[EXTRACTED DATA — start]

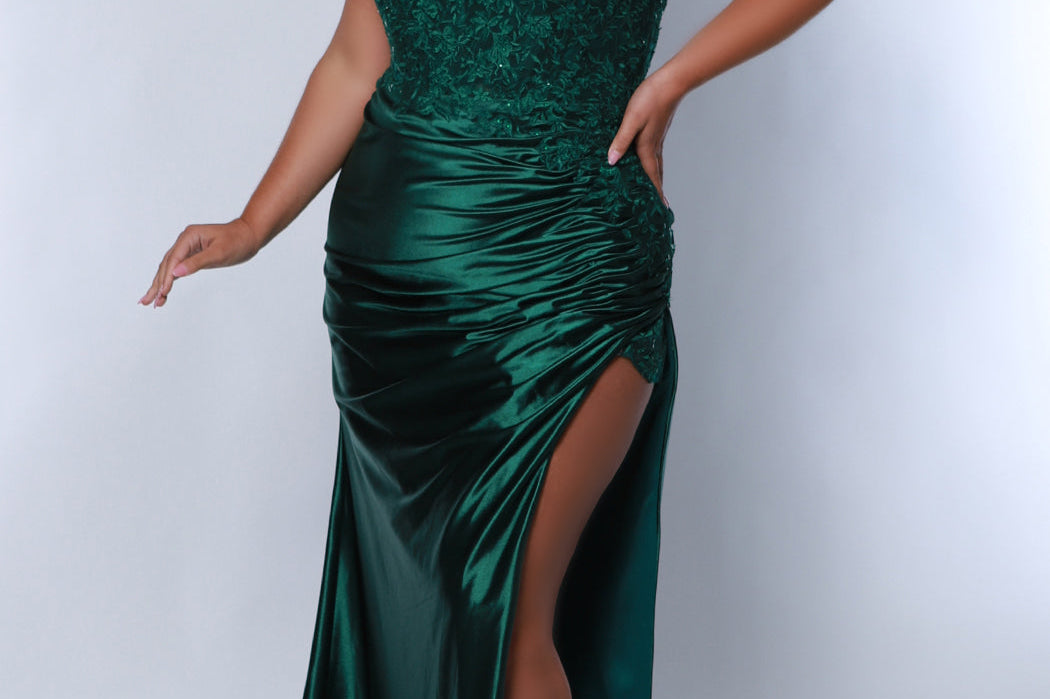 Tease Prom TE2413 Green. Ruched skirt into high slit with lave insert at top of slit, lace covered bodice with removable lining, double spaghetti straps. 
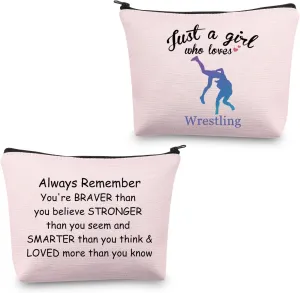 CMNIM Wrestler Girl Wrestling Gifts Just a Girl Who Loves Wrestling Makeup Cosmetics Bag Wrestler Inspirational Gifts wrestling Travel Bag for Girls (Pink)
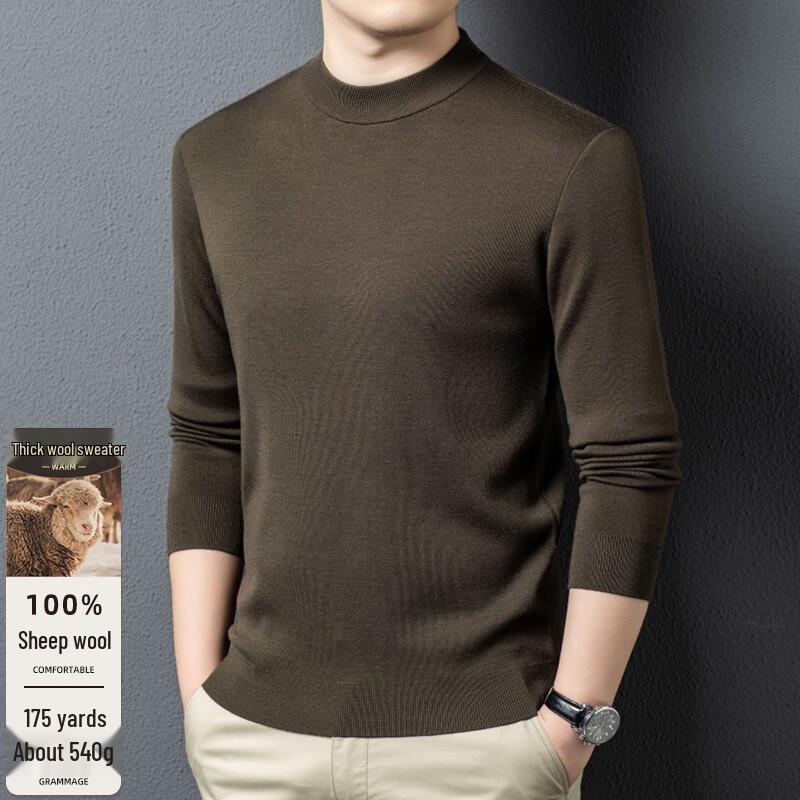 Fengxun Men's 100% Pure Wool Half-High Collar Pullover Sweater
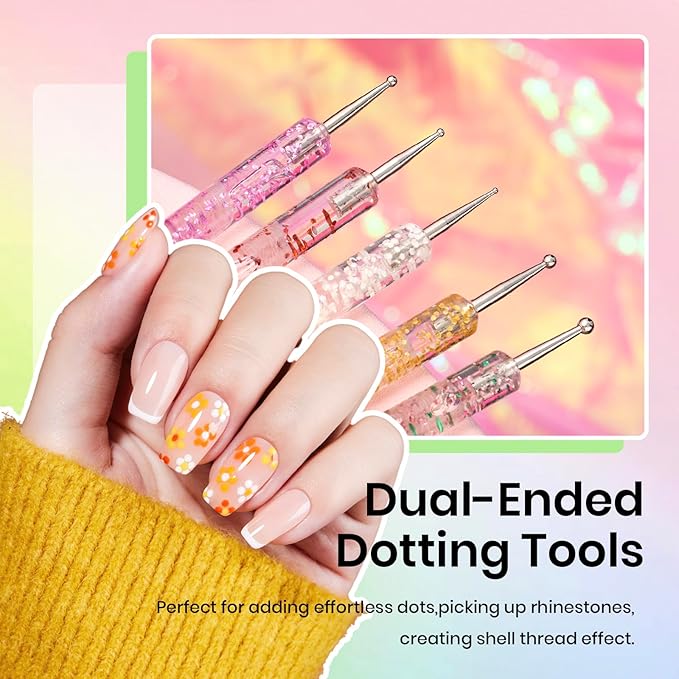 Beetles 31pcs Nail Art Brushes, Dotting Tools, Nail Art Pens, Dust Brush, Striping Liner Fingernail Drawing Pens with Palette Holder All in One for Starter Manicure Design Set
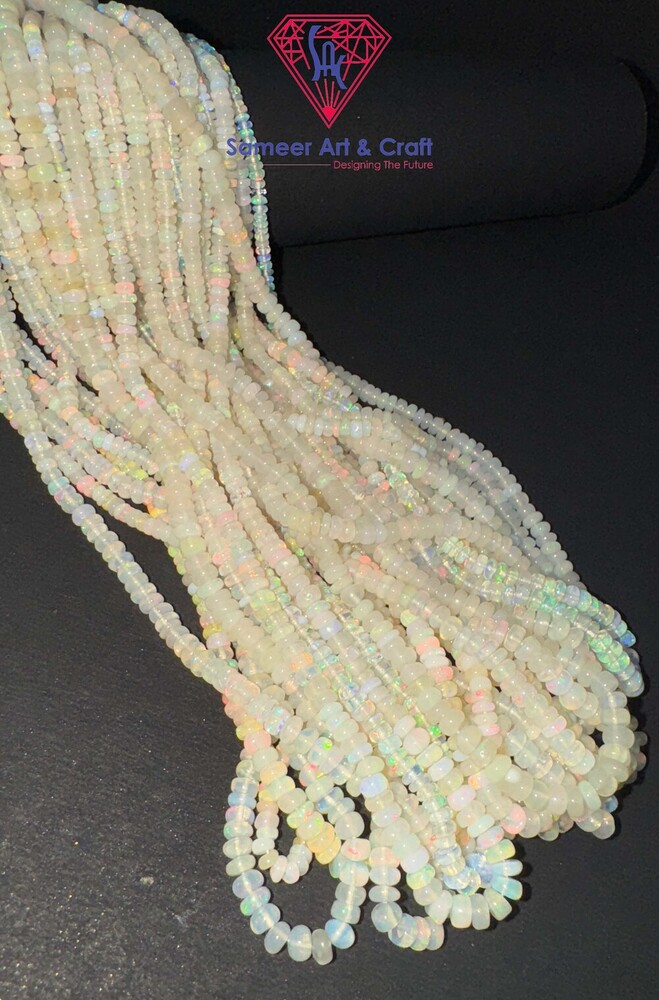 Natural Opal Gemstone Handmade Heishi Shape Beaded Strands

[EXTRACTED DATA — finish]
[EXTRACTED DATA — start]

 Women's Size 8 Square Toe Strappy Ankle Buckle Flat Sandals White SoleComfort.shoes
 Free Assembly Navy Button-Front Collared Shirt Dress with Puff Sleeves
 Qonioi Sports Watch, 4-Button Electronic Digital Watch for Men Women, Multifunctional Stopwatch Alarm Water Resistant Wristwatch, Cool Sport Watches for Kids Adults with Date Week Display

[EXTRACTED DATA — finish]

REQUIRED WORK -
Leave the pictures out, and transcribe exactly the lines above starting at the one that contains "Beetles 31pcs Nail" and ending at the one that contains "Natural Opal Gemstone".

WRITTEN RESPONSE -
 Beetles 31pcs Nail Art Brushes, Dotting Tools, Nail Art Pens, Dust Brush, Striping Liner Fingernail Drawing Pens with Palette Holder All in One for Starter Manicure Design Set
 Natural Opal Gemstone Handmade Heishi Shape Beaded Strands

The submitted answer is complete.